Prediction of Roughness Heights of Milled Surfaces for Product Quality Prediction and Tool Condition Monitoring

Abstract

The objective of this research is to predict the roughness heights of milled surfaces, which indicates product quality and tool conditions. Two experiments are carried out to evaluate relevant factors such as vibration, force, and surface roughness. The purpose of the first experiment is to find out the limits of the machining variables compared to the constraints of the materials. The purpose of the second experiment is to identify, collect, and compare how each factor affects product quality and tool conditions. Based on this study, the vibration, force, and surface roughness are good indicators for tool conditions.
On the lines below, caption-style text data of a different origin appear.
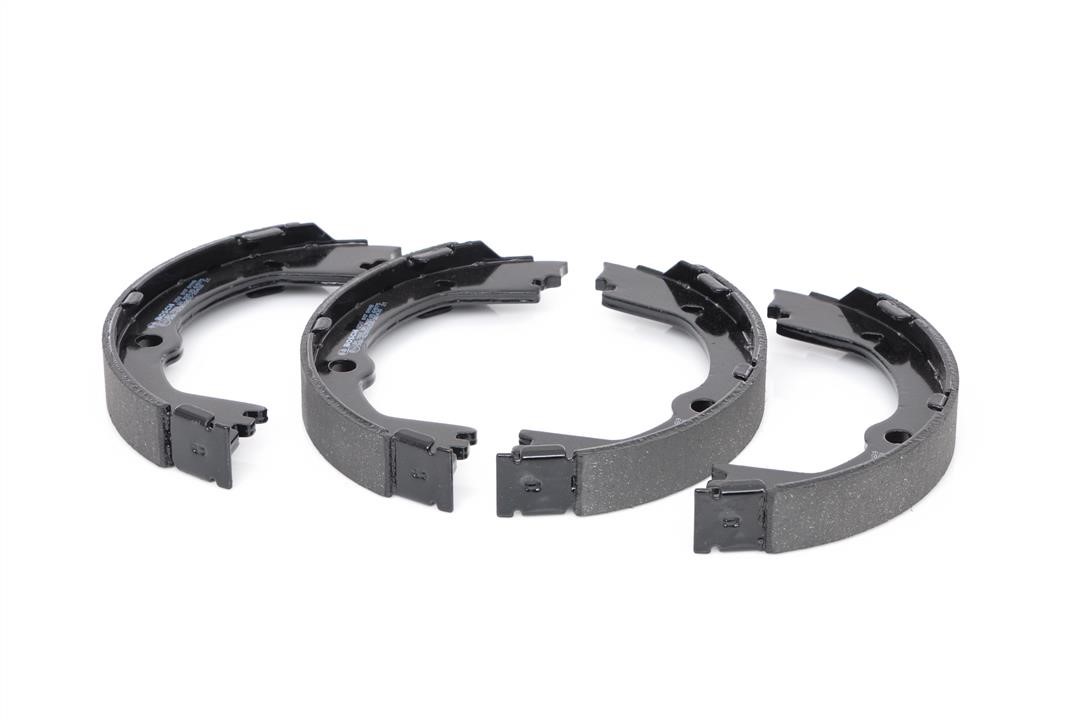 Handbrake shoes Bosch 0 986 487 939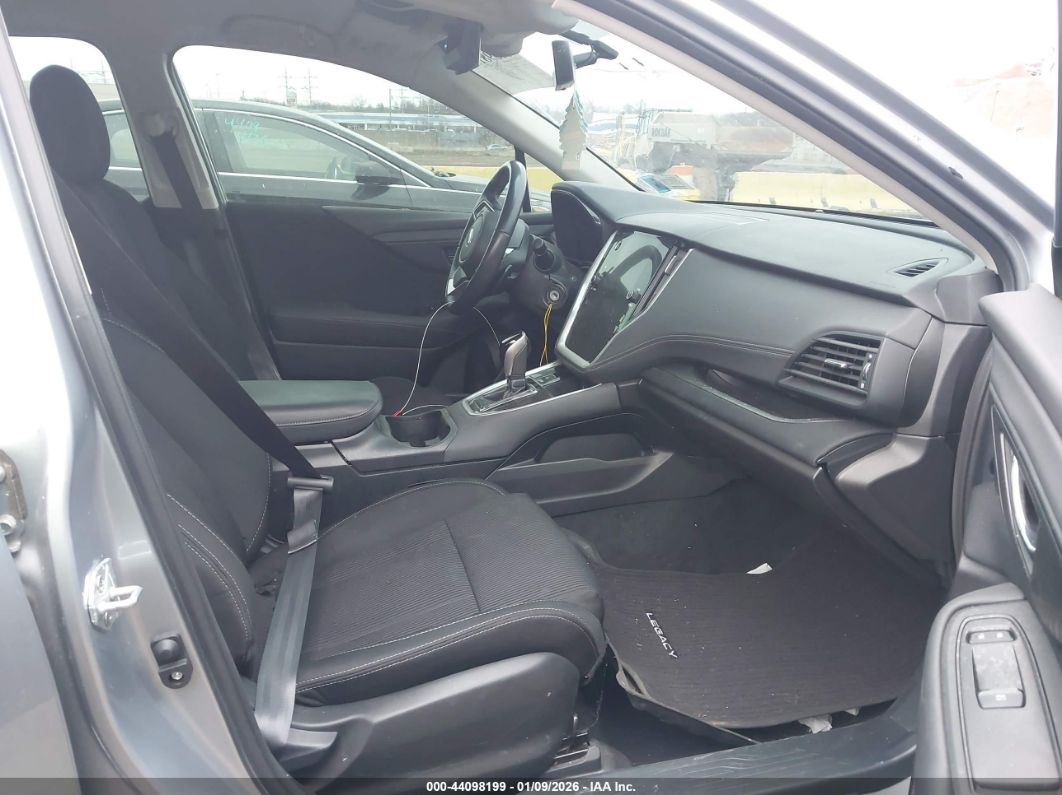 Subaru Legacy 2021
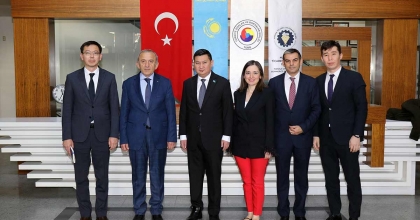 KAZAKİSTAN HEYETİNDEN MANİSA TSO'YA ZİYARET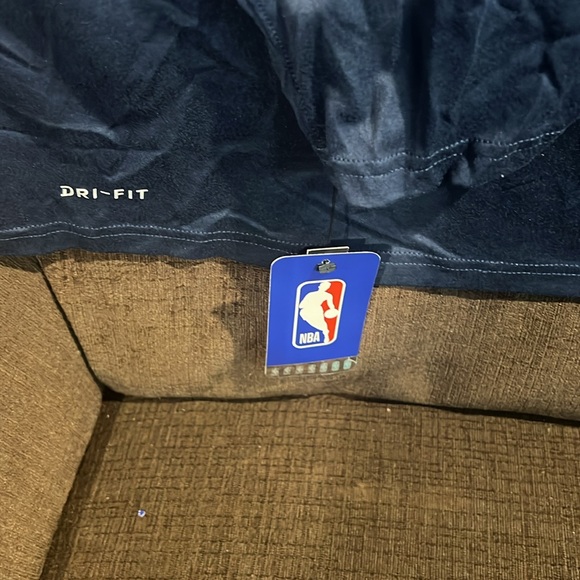 Official NBA Nike Washington Wizards Basketball Long Sleeve Shirt - Navy - Picture 3 of 6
When the magnitudes of the vibration and force increase, the surface roughness also increases. The increase in surface roughness with constant cutting parameters indicates the degrading of product quality and the decrease of the tool life. Thus, the variables, such as vibration and forces, are used as the inputs, and the surface roughness is used as the output of neural networks. By optimizing the network variables, it has been found that a 4,4,8,1 neural network can achieve the least absolute error, and accurately predict the actual roughness heights collected from the experiment. The minimum error of the prediction of surface roughness is 0.11%, the average error is 2.11%, and the maximum error is 6.98%. The prediction of surface roughness of milled surfaces is very important for the product quality prediction and tool condition monitoring.